HOUSTON – Texas Gov. Greg Abbott said on Wednesday that he’s banned the use of the social media platform TikTok on any government-issued devices as he claims the “threat of the Chinese Communist Party gaining access to critical U.S. information and infrastructure continues to grow.”
In a news release, Abbott’s office said in letters to Lt. Gov. Dan Patrick, Speaker Dade Phelan, and state agency leaders, Abbott highlighted the State of Texas’ responsibility to preserve the safety and cybersecurity of Texans, in addition to the federal government’s responsibility for foreign policy issues.
Today, I ordered all Texas state agencies to ban TikTok on government-issued devices as the Chinese Communist Party poses a growing threat to U.S. cybersecurity.— Gov. Greg Abbott (@GovAbbott) December 7, 2022
The State of Texas will continue working to preserve the safety and security of all Texans. https://t.co/ZXP9atgu7N pic.twitter.com/5N3OYFBBnp
“TikTok harvests vast amounts of data from its users’ devices—including when, where, and how they conduct Internet activity—and offers this trove of potentially sensitive information to the Chinese government,” reads one of the letters. “While TikTok has claimed that it stores U.S. data within the U.S., the company admitted in a letter to Congress that China-based employees can have access to U.S. data. It has also been reported that ByteDance planned to use TikTok location information to surveil individual American citizens.
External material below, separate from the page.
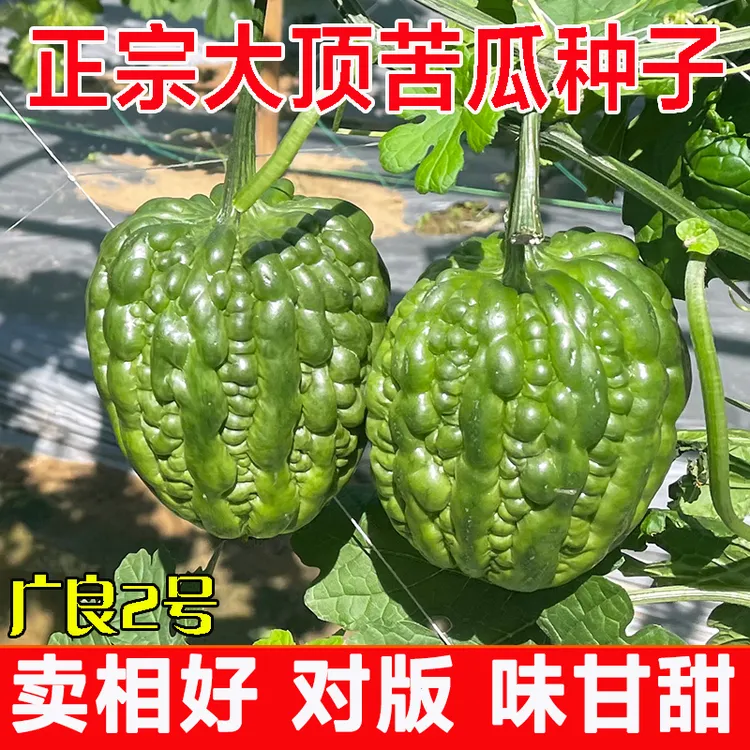 正宗广东广良2号大顶苦瓜种子农业种植春秋夏季大鼎杜阮凉瓜种籽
Further, under China’s 2017 National Intelligence Law, all businesses are required to assist China in intelligence work including data sharing, and TikTok’s algorithm has already censored topics politically sensitive to the Chinese Communist Party, including the Tiananmen Square protests.”
Abbott’s news release claimed further, “With more than 85 million users in the United States, the video-sharing mobile application TikTok is owned by a Chinese company that employs Chinese Communist Party members and has a subsidiary partially owned by the Chinese Communist Party.”
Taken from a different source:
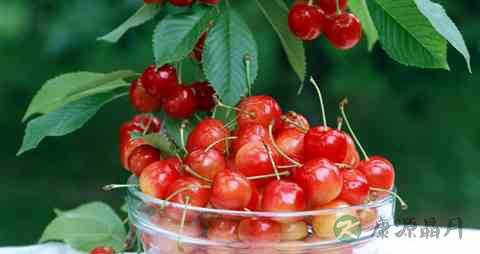 喉咙痛吃什么比较好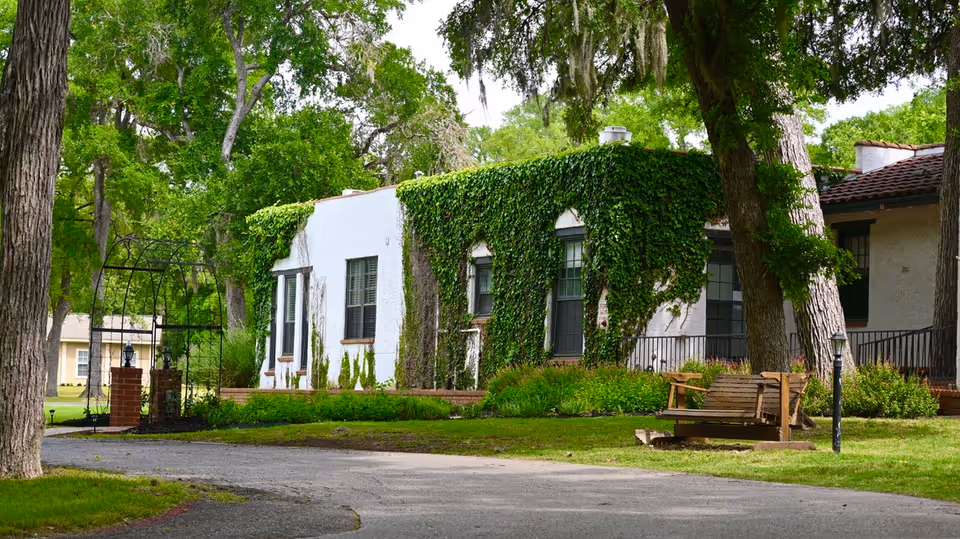 Exterior view of a white building partially covered with green ivy, surrounded by trees and greenery. There is a paved pathway in front, a wooden bench swing on the grass, and a black metal archway near the entrance.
TikTok has denied that it uses location information to track U.S. users.
A CNBC report notes it all comes after an October Forbes report alleged TikTok planned to use its app “to monitor the personal location of some specific American citizens,” citing materials viewed by the publication.
“TikTok does not collect precise GPS location information from U.S. users, meaning TikTok could not monitor US users in the way the article suggested,” the company said.
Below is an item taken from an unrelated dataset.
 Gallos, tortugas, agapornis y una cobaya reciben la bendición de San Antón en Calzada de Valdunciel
Abbott’s news release said the governor directed state agency leaders to immediately ban its officers and employees from downloading or using TikTok on any government-issued devices, including cell phones, laptops, tablets, desktop computers, and other devices capable of Internet connectivity, which is to be strictly enforced by an agency’s IT department. The governor also ordered direct joint action by the Texas Department of Public Safety and the Texas Department of Information Resources to develop a model plan for other state agencies that would address vulnerabilities presented by the use of TikTok on personal devices by Jan. 15, 2023. Each state agency will then have until Feb. 15, 2023, to implement its own policy governing the use of TikTok on personal devices.
Additionally, the governor informed Patrick and Phelan that the Executive Branch stands ready to assist in codifying and implementing any necessary cybersecurity reforms when the 88th Texas Legislature convenes next year, including passing legislation to make permanent the governor’s directive to state agencies.